## ASSIGNMENT
Starting with the opening line of the entries below, transcribe each line exactly up to and including the one that has "WADORN DIY PU"; pictures are not copied.

## RECORDS PROVIDED
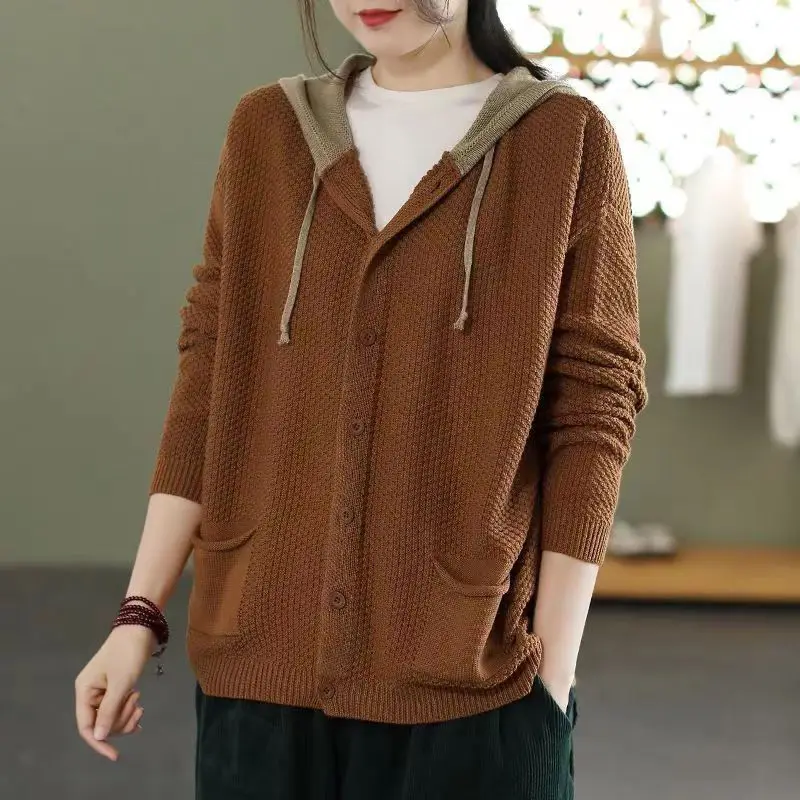 Fashion Woman Blouses 2023 Knitted Hooded Long Sleeve Autumn Winter Casual Office Lady Solid Color All-match Sweaters Cardigan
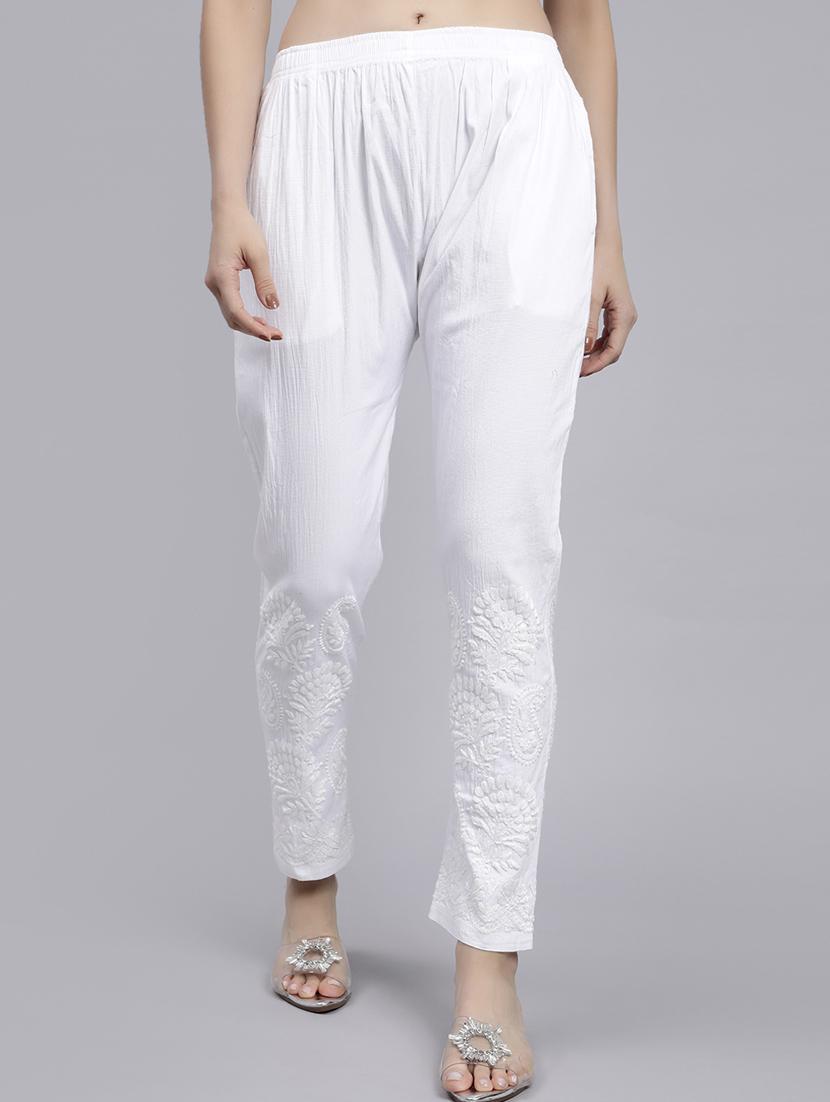 hand embroidered white viscose straight tapered pant - 20478471 -  Zoom Image - 0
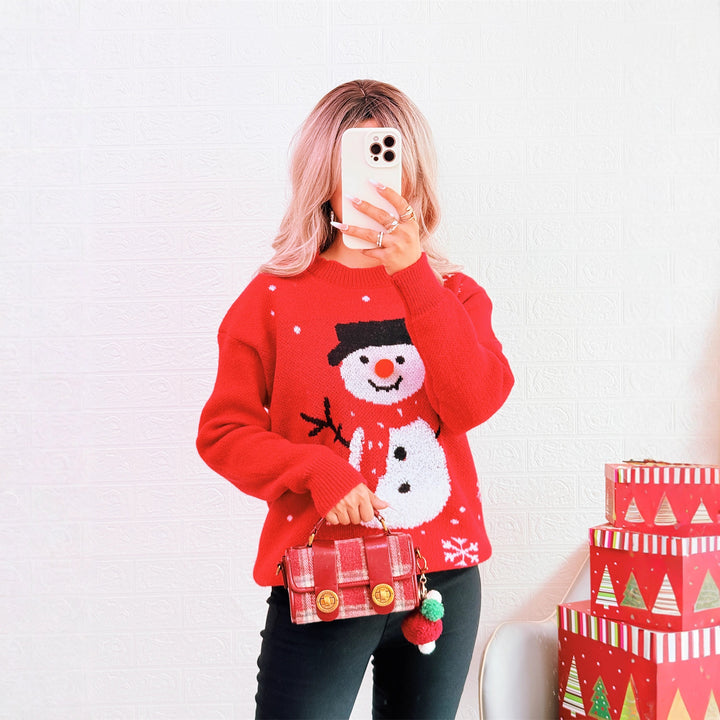 Damen Weihnachts-Pullover mit festlichem Schneemann-Motiv und gemütlichem Schnitt Drune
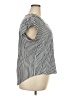 Liz Claiborne 100% Rayon Stripes Silver Short Sleeve Blouse Size XXL - photo 4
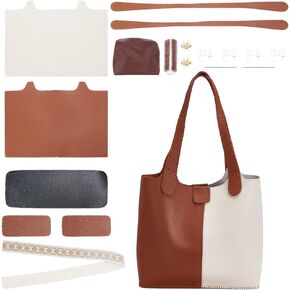 WADORN DIY PU Leather Purse Bag Making Kit, Shoulder Bag Making Set for Purse DIY Making Handmade Stitch Leather Bag Making Materials for DIY Handbag Accessories Shoulder Bag Making, Tan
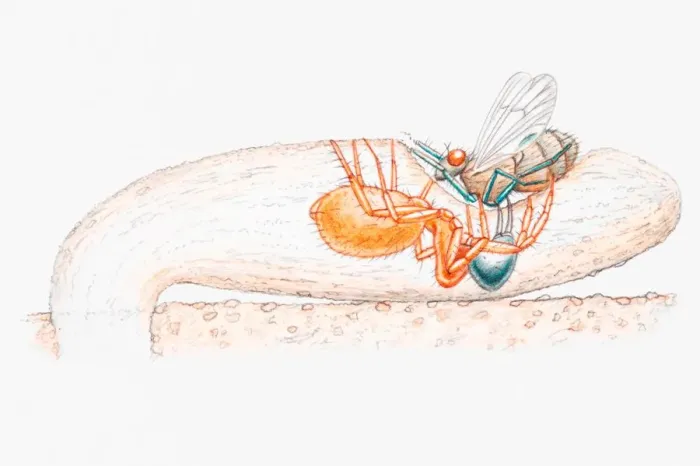 Framed Print : Illustration of a female purse-web spider (Atypidae) dragging an insect from trap into underground burrow Framed Print : Illustration of a female purse-web spider (Atypidae) dragging an insect from trap into underground burrow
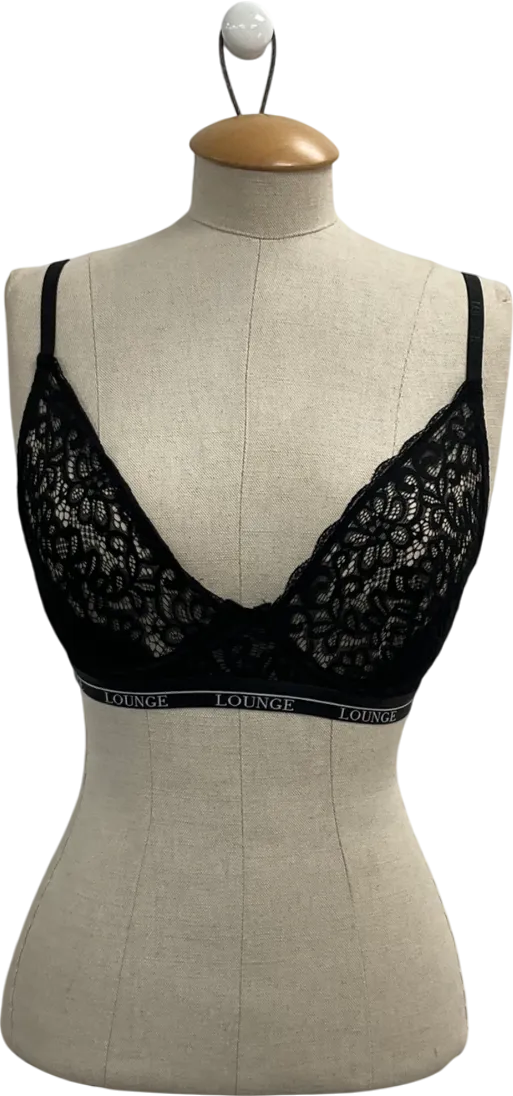 Lounge Underwear Black Lace Balcony Bra UK 32E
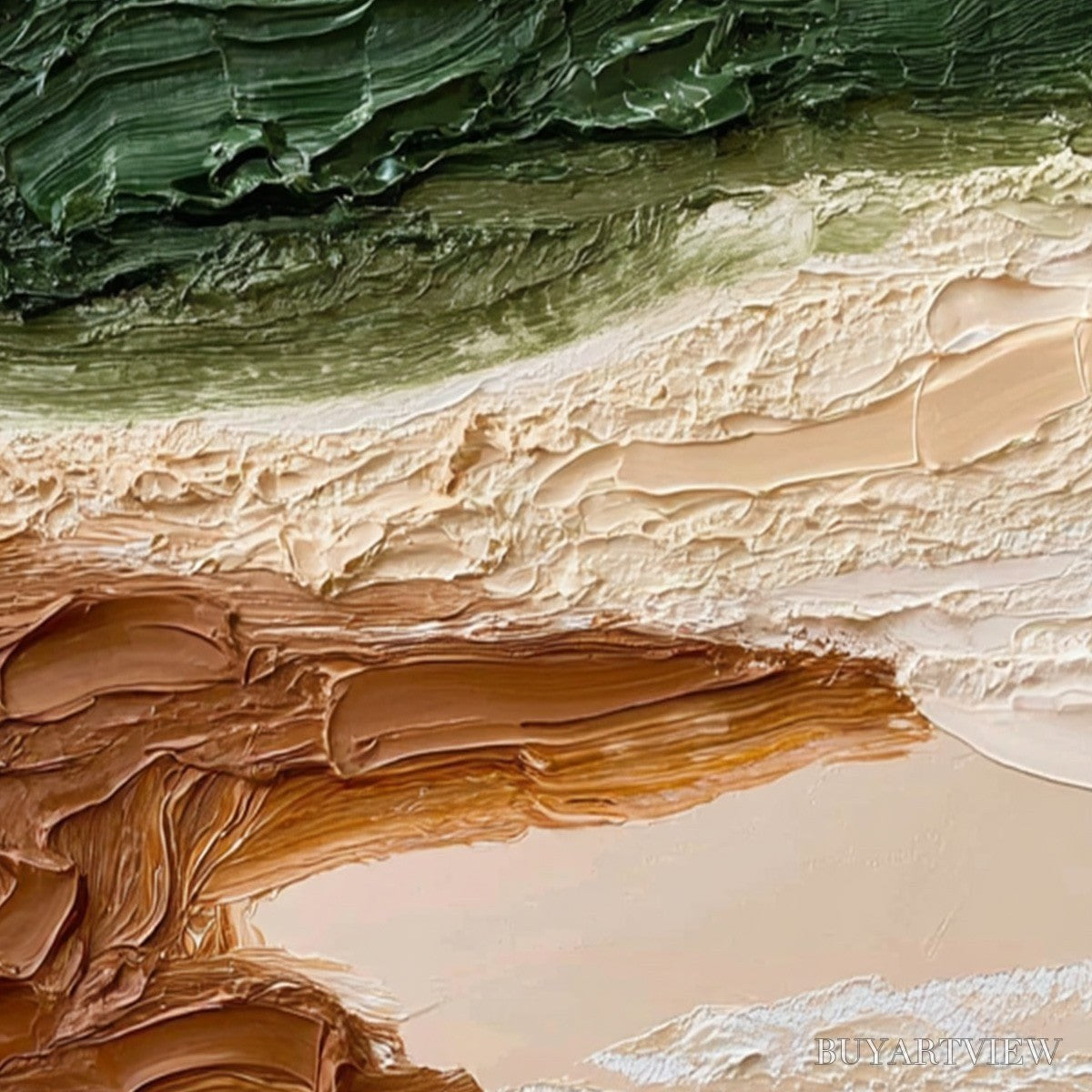 BUYARTVIEW Earthen Strata – Textured Wabi Sabi Abstract Landscape Painting - image 5
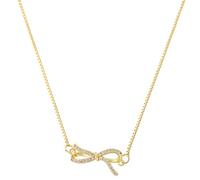 AUOU 1 collar de lazo de circonita chapado en oro de 4 estilos para mujer, Piedra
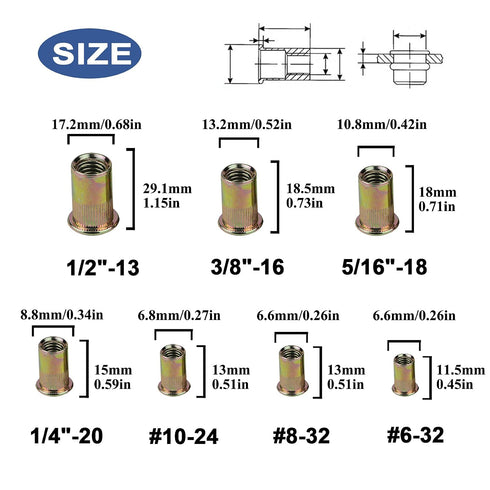 TR TOOLROCK 860pcs 6#-32, 8#-32, 10#-24, 1/4"-20, 5/16"-18, 3/8"-16, 1/2"-13, Rivet Nut Kit, SAE UNC Rivet Nuts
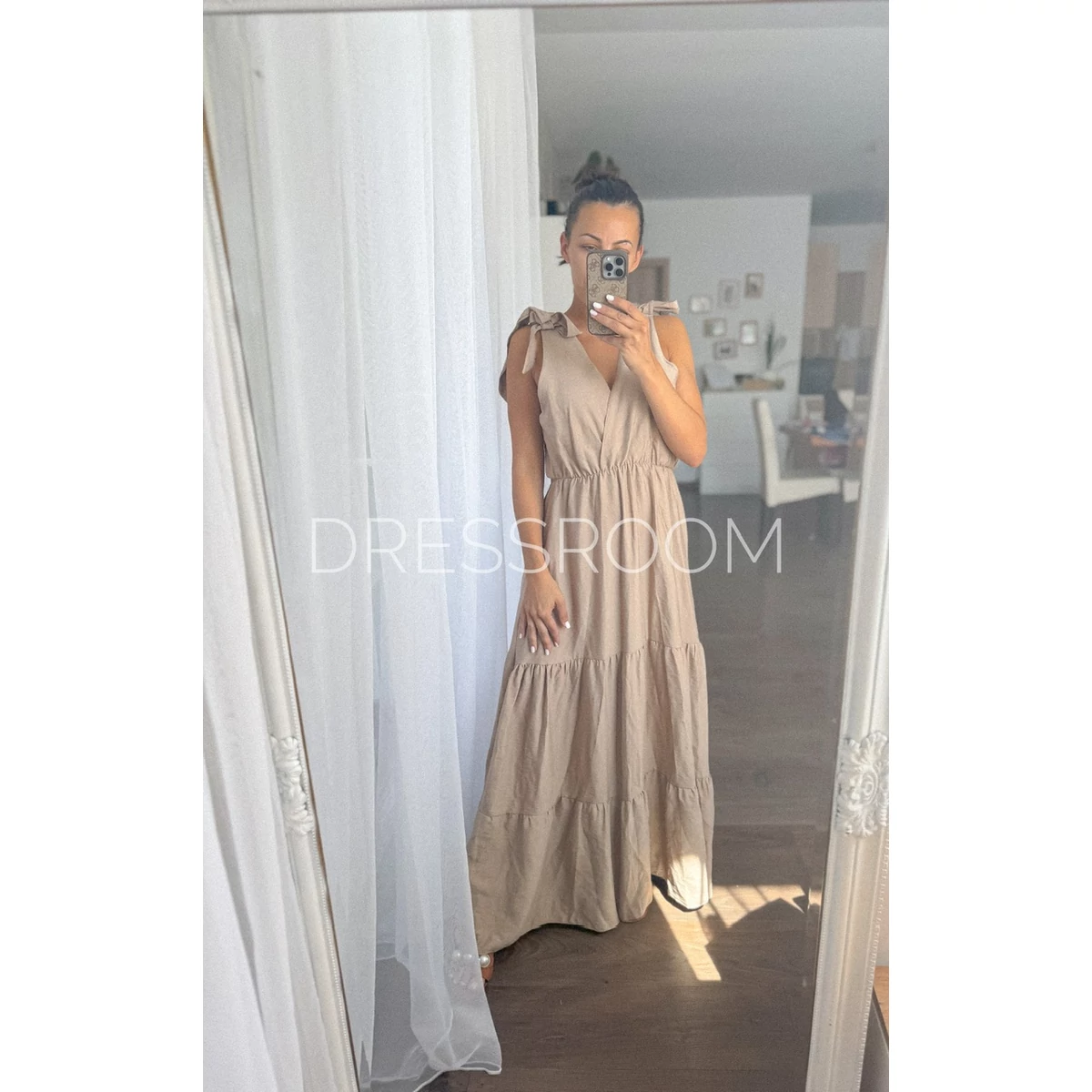 LARA vászon maxi ruha - Barna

## WRITTEN RESPONSE
 Fashion Woman Blouses 2023 Knitted Hooded Long Sleeve Autumn Winter Casual Office Lady Solid Color All-match Sweaters Cardigan
 hand embroidered white viscose straight tapered pant - 20478471 -  Zoom Image - 0
 Damen Weihnachts-Pullover mit festlichem Schneemann-Motiv und gemütlichem Schnitt Drune
 Liz Claiborne 100% Rayon Stripes Silver Short Sleeve Blouse Size XXL - photo 4
 WADORN DIY PU Leather Purse Bag Making Kit, Shoulder Bag Making Set for Purse DIY Making Handmade Stitch Leather Bag Making Materials for DIY Handbag Accessories Shoulder Bag Making, Tan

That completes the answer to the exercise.